Los demás, extrema derecha y nacionalistas, sí son populistas en muchos casos. Para ellos, lo más importante es la suma del conjunto de su [distinta] riqueza nacional. Para ellos, los inmigrantes no cuentan para nada. Por eso, cuando llegan al gobierno, y recordemos el caso de Austria, no tienen éxito: porque no han tenido en cuenta las nuevas realidades. Eso no evita que sigan teniendo éxitos electorales en distintos países europeos.
En el caso de los nacionalistas de Escocia es distinto. No se trata de un populismo al modo del FN francés o de la Liga Norte de Italia, de los Nuevos Finlandeses o de sus semejantes en Dinamarca. Es una especie de lógica regional que incluye un proyecto de Estado, la independencia, etcétera. Es lo mismo que en el caso de Cataluña. No podemos situarlo sin más en el campo del populismo. El populismo se produce sobre todo en la extrema derecha que ha capturado [en distintos países europeos] una parte del voto que tuvo la izquierda, una franja de los votos de las clases populares.

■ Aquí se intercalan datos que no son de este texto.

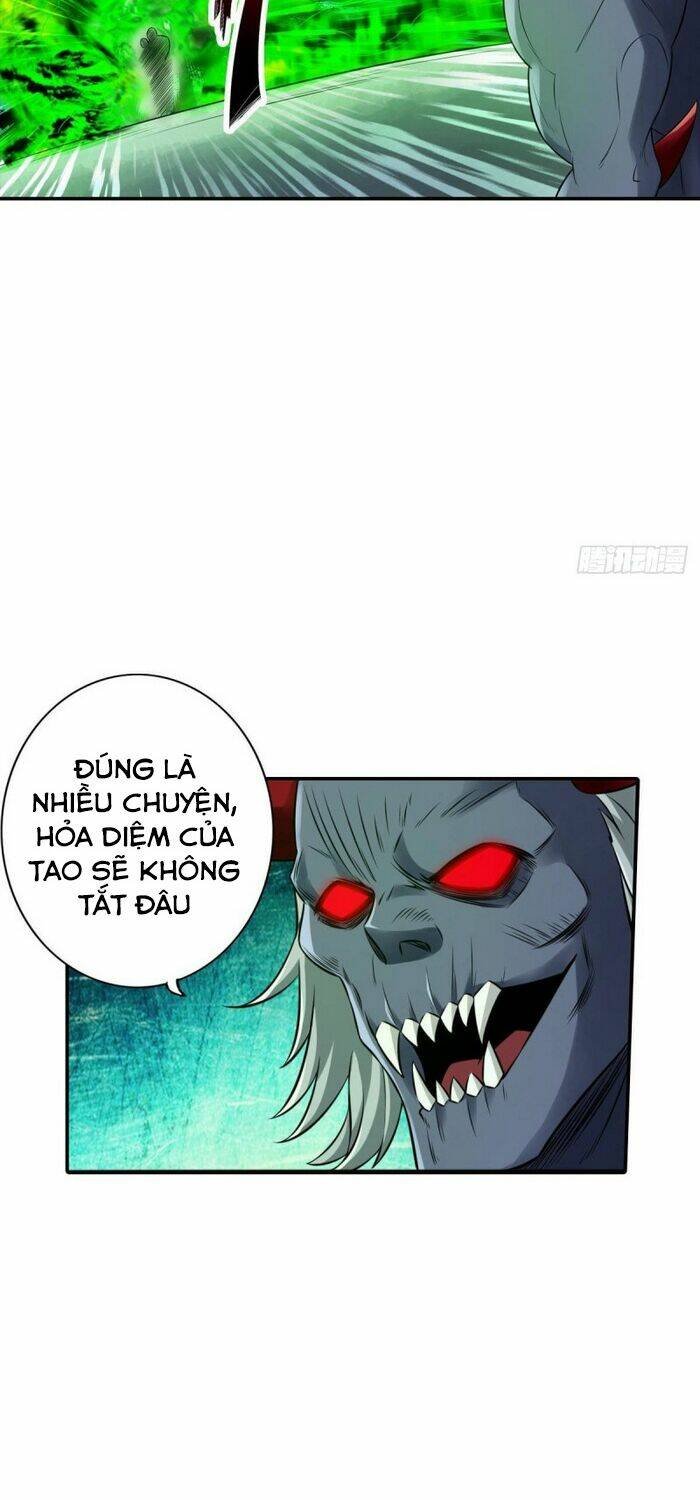 nhân vật phản diện đi tìm đường chết chapter 104 8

P.Q. Las redes sociales, los nuevos medios digitales, todos esos canales de información rápida, ¿qué papel cumplen en relación a esos procesos políticos e identitarios?

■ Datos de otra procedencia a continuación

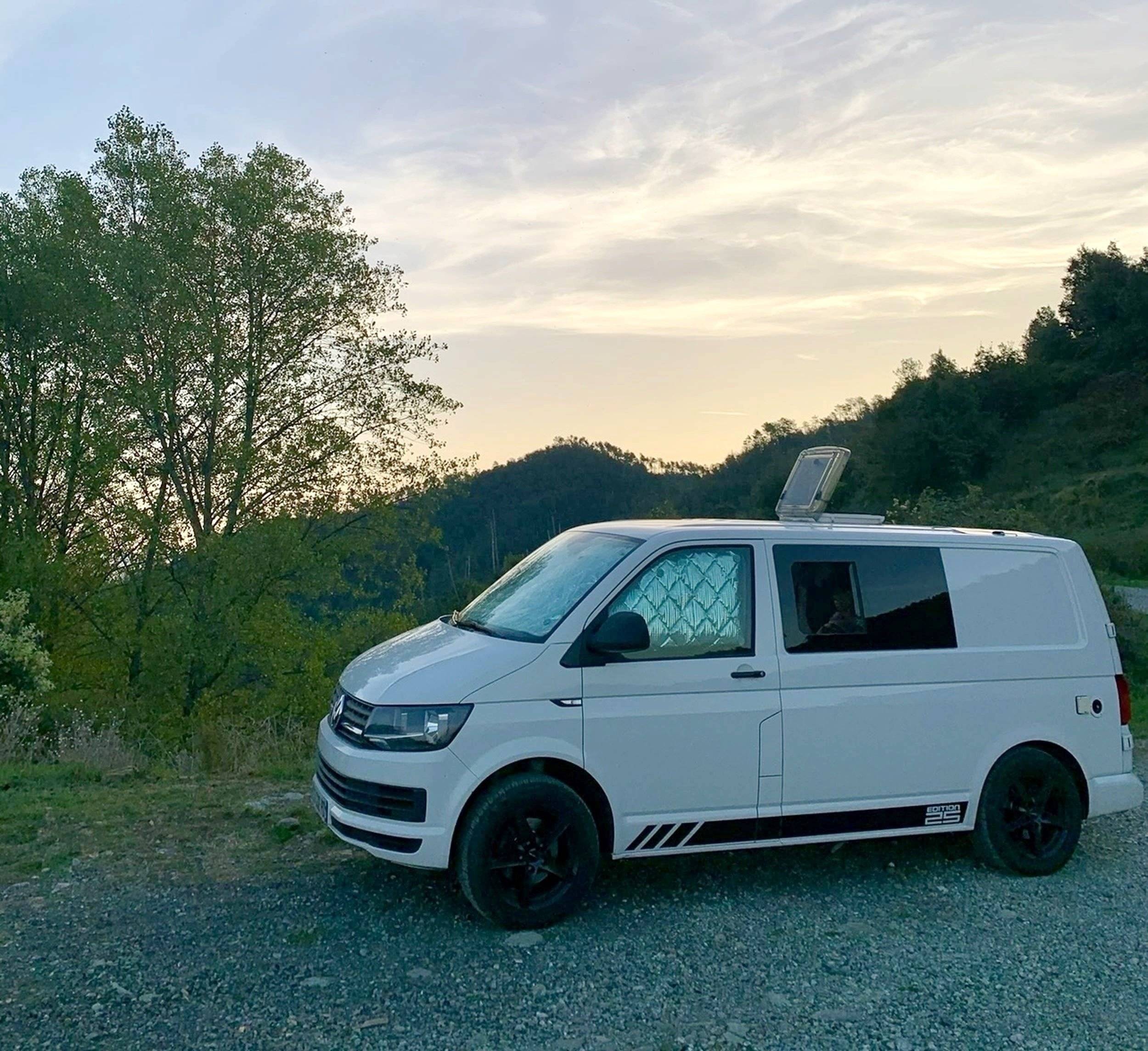 Volkswagen Volkswagen T6 140ch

A.R. Vamos a referirnos al estilo de Twitter, a esos mensajes cortos. Lo primero que tenemos que decir es que ocultan el debate político verdadero. Hablamos de discursos de 140 caracteres. Incluso 1.500 caracteres no pueden formar un programa político. Entonces, lo que se producen son respuestas precisas de un político determinado a un medio o un periodista concreto. Eso crea la ilusión de un debate político. No lo es.

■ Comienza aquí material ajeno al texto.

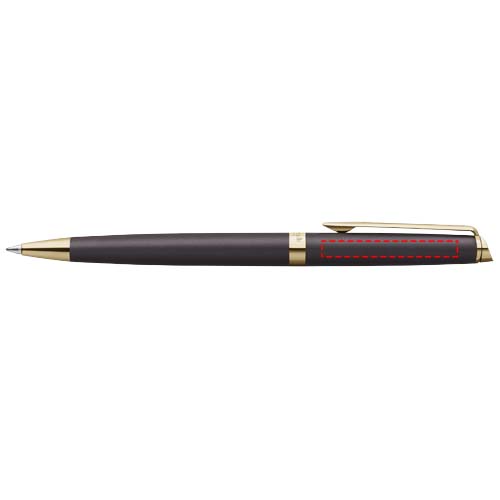 Waterman Hemisphere balpen M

Los blogs parecen otra cosa, más extensos, pero ciertos usos de las redes sociales contribuyen a empobrecer el debate social y político. Se fuerza siempre la brevedad de los argumentos. Tenemos la obligación de enviar centenares de tuits al día. Eso se plantea como comunicación política. Pero no logra crear un programa, ni ofrece una perspectiva verdadera a la gente. Para mí la cuestión sigue siendo, ¿tenemos que volver a industrializar Europa? ¿Tenemos que pensar en la reindustrialización como Estados Unidos? ¿O los europeos deberíamos optar por los servicios y dejar la producción industrial a los países en desarrollo? No hay respuestas. Así que creo que los políticos asumen un rol que falsea el auténtico debate político.